Il existe un écart, dans ce film, entre la matière, très riche, constituée par les travaux de l'Américain Stanley Milgram, dans les années 60 à 80, et la manière très froide et délibérément distanciée que Michael Almereyda a adoptée pour tenter de nous rendre compte de cette démarche.
Une distance mise en avant par le filmage : décors froids, sans âme, visant à transcrire une société en train de la perdre ; jeu hyper distancié demandé à Peter Sarsgaard, qui incarne un Milgram volontiers retranché dans son rôle de scientifique, durant les expériences, ou qui "nous" parle soudain, face caméra, au beau milieu d'une scène jouée ; plusieurs décors ostensiblement peints, afin de bien signifier au spectateur que le réalisateur ne le traite pas à la façon de Milgram manipulant ses cobayes humains et les faisant croire à ce qui n'est pas ; lui, Almereyda, ne nous cache pas le caractère factice du cinéma, son faux, sa mise en scène, et il nous incite à rester au bord de son film, de même qu'il campe son personnage principal comme restant constamment observateur, sur la rive de sa propre existence.
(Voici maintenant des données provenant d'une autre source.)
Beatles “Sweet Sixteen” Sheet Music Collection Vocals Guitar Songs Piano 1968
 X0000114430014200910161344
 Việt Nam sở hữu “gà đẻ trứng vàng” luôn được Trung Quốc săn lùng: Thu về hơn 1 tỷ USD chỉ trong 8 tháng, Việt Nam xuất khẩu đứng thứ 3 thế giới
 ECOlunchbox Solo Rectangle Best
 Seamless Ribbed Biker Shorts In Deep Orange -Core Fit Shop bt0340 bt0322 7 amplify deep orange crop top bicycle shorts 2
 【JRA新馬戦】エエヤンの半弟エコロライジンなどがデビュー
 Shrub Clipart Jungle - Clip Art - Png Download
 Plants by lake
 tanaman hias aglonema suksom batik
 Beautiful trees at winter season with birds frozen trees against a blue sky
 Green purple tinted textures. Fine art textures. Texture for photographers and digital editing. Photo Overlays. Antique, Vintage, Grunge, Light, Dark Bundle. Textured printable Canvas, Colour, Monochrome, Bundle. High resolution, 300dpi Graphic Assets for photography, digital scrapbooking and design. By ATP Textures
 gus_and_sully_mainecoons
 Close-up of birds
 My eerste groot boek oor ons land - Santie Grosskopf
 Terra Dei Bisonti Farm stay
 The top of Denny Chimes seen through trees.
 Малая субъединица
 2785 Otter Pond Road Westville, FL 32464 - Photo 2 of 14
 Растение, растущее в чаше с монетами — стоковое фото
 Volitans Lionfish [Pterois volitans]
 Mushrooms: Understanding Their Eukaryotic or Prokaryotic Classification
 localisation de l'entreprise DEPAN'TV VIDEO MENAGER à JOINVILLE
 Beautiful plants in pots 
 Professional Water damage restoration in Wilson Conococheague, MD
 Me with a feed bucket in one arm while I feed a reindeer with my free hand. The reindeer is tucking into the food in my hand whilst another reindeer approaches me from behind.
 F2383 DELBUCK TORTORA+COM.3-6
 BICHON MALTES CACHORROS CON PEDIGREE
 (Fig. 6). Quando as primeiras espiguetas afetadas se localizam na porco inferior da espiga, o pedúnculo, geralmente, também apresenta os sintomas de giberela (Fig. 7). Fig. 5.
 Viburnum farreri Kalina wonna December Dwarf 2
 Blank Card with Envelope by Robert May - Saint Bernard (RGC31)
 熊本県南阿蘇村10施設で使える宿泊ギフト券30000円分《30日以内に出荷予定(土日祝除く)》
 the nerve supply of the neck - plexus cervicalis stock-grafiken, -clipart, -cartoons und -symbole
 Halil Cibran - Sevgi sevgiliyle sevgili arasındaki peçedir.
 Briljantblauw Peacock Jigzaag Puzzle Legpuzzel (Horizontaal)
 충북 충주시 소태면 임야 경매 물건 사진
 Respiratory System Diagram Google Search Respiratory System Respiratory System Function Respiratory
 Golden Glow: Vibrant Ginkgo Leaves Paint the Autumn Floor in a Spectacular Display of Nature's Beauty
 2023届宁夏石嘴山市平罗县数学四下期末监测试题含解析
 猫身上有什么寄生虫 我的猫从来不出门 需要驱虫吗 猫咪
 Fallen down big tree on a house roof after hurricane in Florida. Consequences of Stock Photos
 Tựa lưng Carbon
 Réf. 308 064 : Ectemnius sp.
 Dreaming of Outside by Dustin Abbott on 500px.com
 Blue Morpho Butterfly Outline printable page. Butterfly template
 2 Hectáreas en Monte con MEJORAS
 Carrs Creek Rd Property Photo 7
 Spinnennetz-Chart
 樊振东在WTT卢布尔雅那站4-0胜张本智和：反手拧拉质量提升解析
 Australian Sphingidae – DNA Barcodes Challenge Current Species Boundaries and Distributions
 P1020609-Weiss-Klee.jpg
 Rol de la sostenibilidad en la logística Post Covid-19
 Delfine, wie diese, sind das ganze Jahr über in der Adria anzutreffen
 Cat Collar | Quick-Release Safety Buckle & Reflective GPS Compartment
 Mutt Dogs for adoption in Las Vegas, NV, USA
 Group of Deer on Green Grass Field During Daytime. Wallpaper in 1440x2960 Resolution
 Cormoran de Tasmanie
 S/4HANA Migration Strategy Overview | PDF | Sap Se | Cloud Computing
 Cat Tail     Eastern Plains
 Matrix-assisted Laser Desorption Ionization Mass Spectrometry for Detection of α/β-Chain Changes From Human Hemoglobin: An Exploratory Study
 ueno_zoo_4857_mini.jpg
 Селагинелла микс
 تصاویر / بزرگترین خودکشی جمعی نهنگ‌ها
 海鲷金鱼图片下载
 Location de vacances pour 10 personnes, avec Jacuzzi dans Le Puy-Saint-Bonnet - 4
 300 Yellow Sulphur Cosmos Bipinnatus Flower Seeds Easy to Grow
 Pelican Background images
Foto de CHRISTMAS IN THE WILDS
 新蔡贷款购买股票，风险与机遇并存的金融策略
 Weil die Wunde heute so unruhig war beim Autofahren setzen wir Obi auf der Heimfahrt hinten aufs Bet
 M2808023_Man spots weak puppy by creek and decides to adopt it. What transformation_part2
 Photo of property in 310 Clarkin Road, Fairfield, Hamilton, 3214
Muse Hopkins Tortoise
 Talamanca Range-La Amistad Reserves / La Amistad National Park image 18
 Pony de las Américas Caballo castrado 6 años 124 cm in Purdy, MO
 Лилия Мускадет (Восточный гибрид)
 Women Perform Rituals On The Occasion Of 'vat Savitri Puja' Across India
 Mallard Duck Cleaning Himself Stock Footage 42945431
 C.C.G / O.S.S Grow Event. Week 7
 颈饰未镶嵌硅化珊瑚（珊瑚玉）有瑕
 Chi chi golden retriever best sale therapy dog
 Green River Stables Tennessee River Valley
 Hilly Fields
Ici se situe certainement la dent manquante, dans l'engrenage filmique : cette distance revendiquée fait surgir de l'onde sur laquelle flotte le navire-film trois écueils : le spectateur, soumis à l'injonction qui lui est donnée au-delà des attentes de celle-ci, finit par rester bel et bien au bord du film, sans jamais se trouver happé par lui ; le personnage principal lui-même semble demeurer à la lisière de son rôle, vivant ou mourant avec le même détachement d'éternel examinateur ; et surtout, cette distance extrême, jouée, mise en avant et voulue, n'est absolument pas pratiquée...
En effet, à aucun moment n'est analysé, ni même montré, indiqué, le terreau dans lequel s'est enracinée l'expérience qui se trouve placée au centre du film : le nazisme ne datait que d'une génération, lui qui avait été permis par l'extrême soumission du peuple allemand à son "guide" nazi ; d'où l'entrée dans une phase, qui allait pousser loin ses ramifications, d'intolérance extrême à toute autorité et de rejet profond de toute emprise.
1961, première année de la décennie qui allait aboutir, dans le monde occidental, à l'éclosion des fleurs de 1968, vit donc naître l'expérience de Milgram ; expérience inquiétante, visant à démontrer jusqu'à quel point terrifiant un être humain pourra consentir à infliger une douleur à son prochain, pour peu qu'on lui en intime l'ordre.
Abandonnant, sur ce point, toute distance, Almereyda adhère étroitement aux démonstrations et conclusions de Milgram, les restituant telles quelles, sans profiter du recul que lui offre à présent le demi-siècle écoulé. L'autorité est-elle seule en cause, dans cette expérience ? L'autorité est-elle, d'ailleurs, si monolithique ? Est-elle identique, selon qu'elle est servie par l'admiration, la crainte ou un simple contrat ? Une société sans autorité est-elle envisageable, souhaitable ? Et dans l'expérience menée, n'entrait-il que de la soumission : aucun sadisme, aucune satisfaction narcissique à punir...? Ces questions ne seront pas posées.
Si le film a le mérite de remettre sur le devant de la scène l'apport de Milgram, on ne peut donc qu'attendre l'œuvre qui interrogera cet apport, dégagera ses limites et sa pertinence, lui permettant enfin une réelle réintroduction dans la pensée actuelle.